While some of the vendors started creating fabrics for the explicit purpose of supporting carrying FibreChannel traffic over an Ethernet substrate it feels like all vendors have rallied around a common shift: that FC is not going to be the primary driver of next-generation network architectures, optimizing network support of virtual machines (VM) is, especially virtual machine mobility, or VMotion is VMware parlance.
The natural evolution of the conversation seems to have been:
Virtualization: "I want to put any VM on any server where I have capacity, at any time, and do all of my provisioning through my VM management GUI or automate it with a private cloud system!"
Network: "I finally got my network stable after all the years you server guys made me support that ridiculous Token Ring network, then your IPX stuff from NetWare 3.12 (the last stable version pre-directory), and the occasional pocket of NetBEUI and AppleTalk! We finally have a stable, secure, and easily supported network with no performance problems and we have all IP, we route at the top-of-rack, and everything is wonderfully summarized and simple and now you want WHAT??!?!?!?!"

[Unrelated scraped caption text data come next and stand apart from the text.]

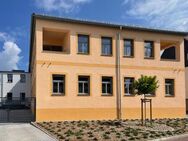 Altersgerechte und hochwertige 2-Zimmer-Wohnung mit Balkon, Einbauküche und ebenerdiger Dusche - Hartha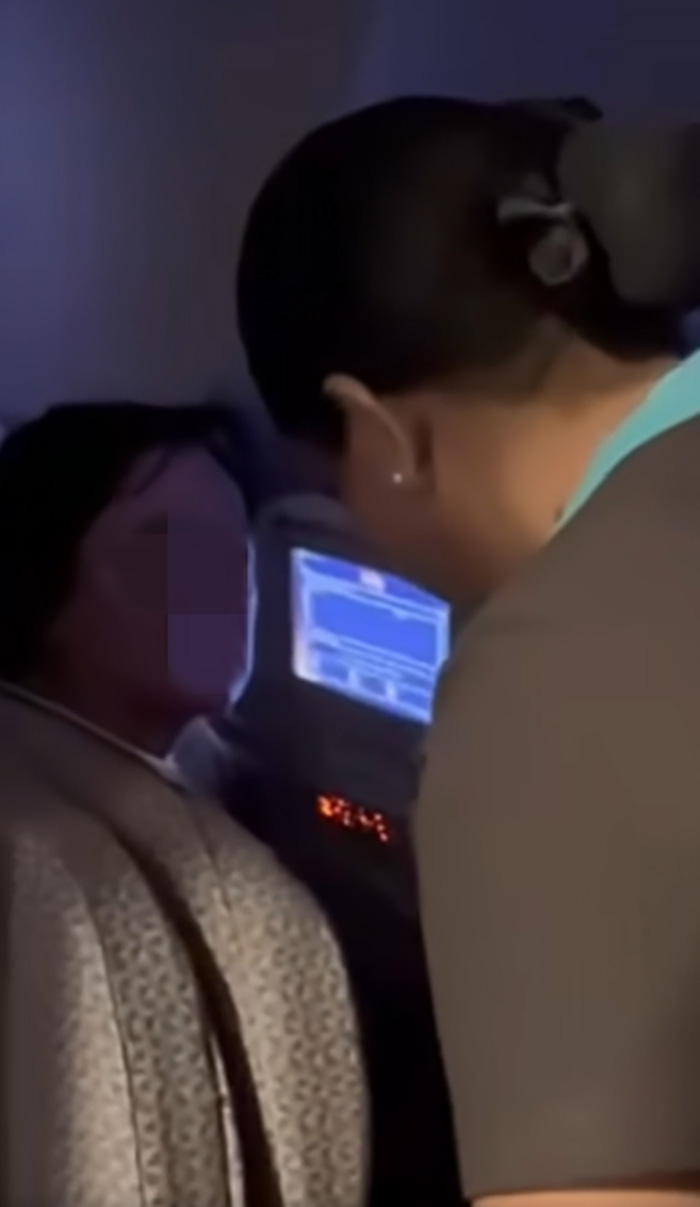 แอร์โฮสเตสใช้เทปปิดปากผดส หญิง แอร์โฮสเตสใช้เทปปิดปากผดส หญิง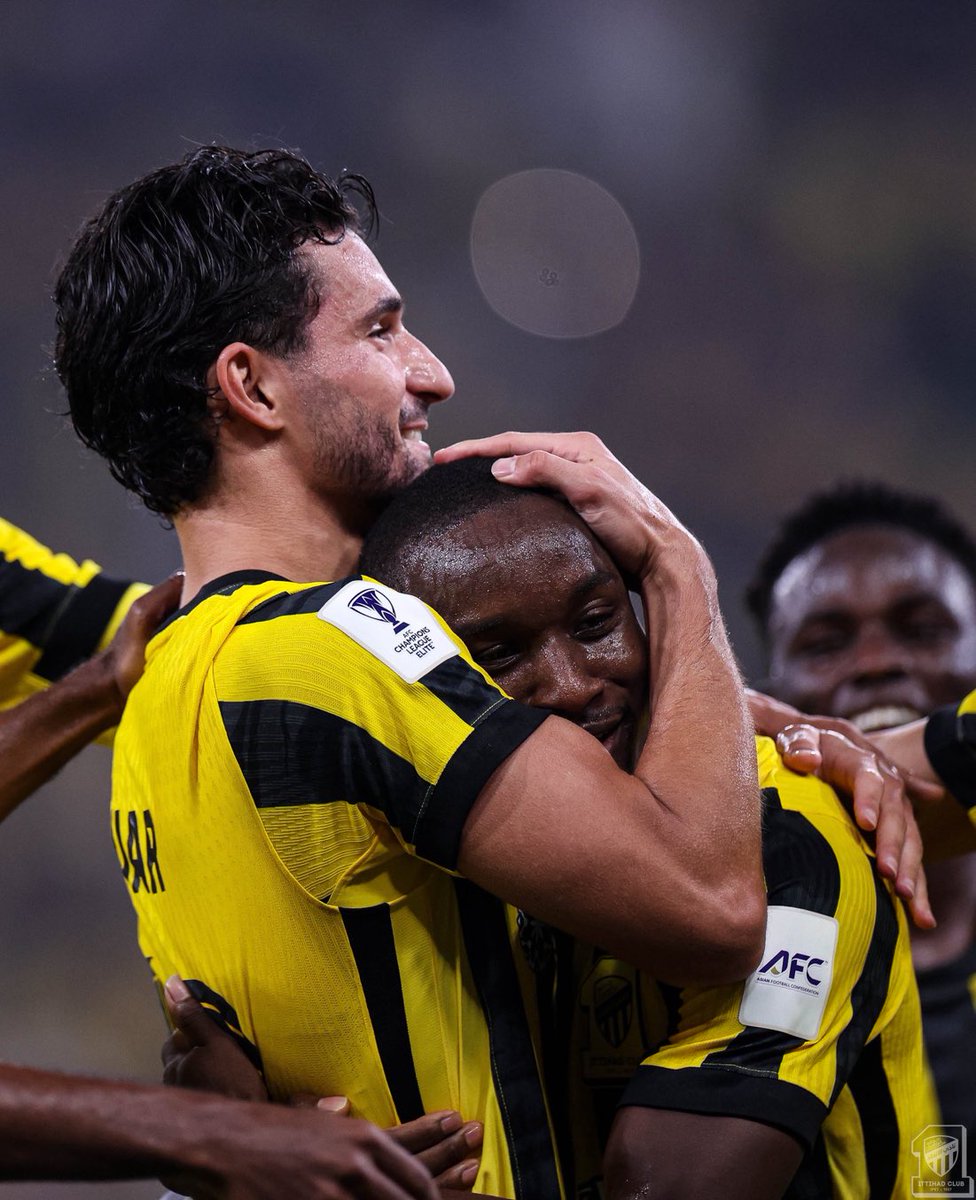 1SMi_'s tweet photo. 🚨🚨🚨 تــــاريـخــي وللـتاريـــخ 🚨🚨🚨 

اكبر انتصارات الاتحاد في دوري ابطال اسيا :

2009م — 🇸🇦 الاتحاد 7-0 ام صلال 🇶🇦

2026م — 🇸🇦 الاتحاد 6-0 الغرافة 🇶🇦🤯

2005م — 🇸🇦 الاتحاد 7-2 شاندونغ 🇨🇳 https://t.co/xwtS2sdtry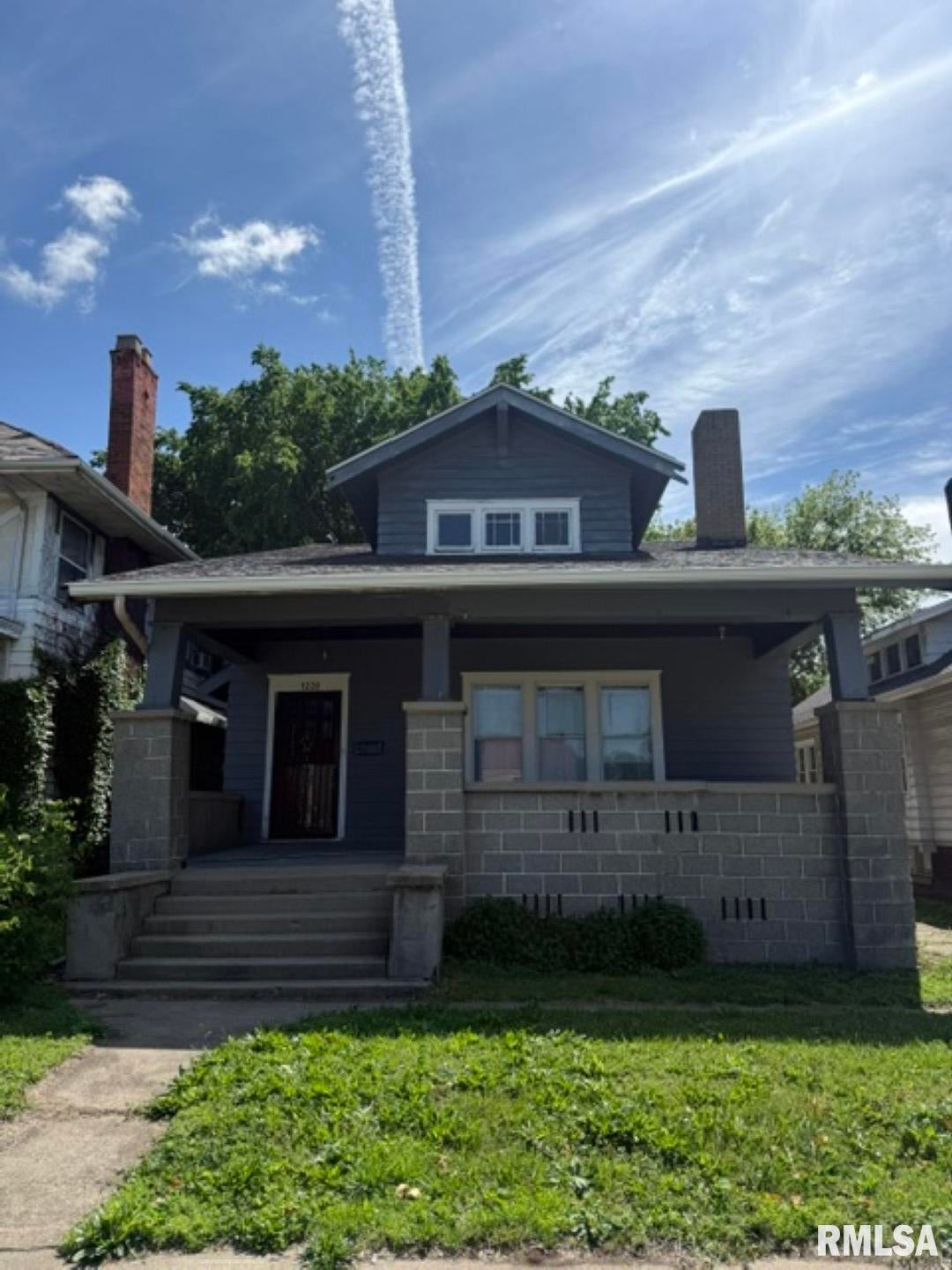 1220 N University Street — photo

VP of Infrastructure: "Hate to do this to you Network, but the Virtualization team is going to save us a ton of budget in adds/moves/changes, simplify our server consolidation project, and enable self-service compute allocation to our developers - they win, figure it out or I will find someone who will."
At this point our hero, the Network Guy, is somewhat stymied and caught between a rock and a hard place - deploy a Large and Flat Layer-2 network with all the known issues of Spanning Tree (as much as I admire the simplicity of the protocol and Radia's poem on the matter, it sort of has become a four-letter acronym in our world) and compromise the hard fought network stability, or, well, else...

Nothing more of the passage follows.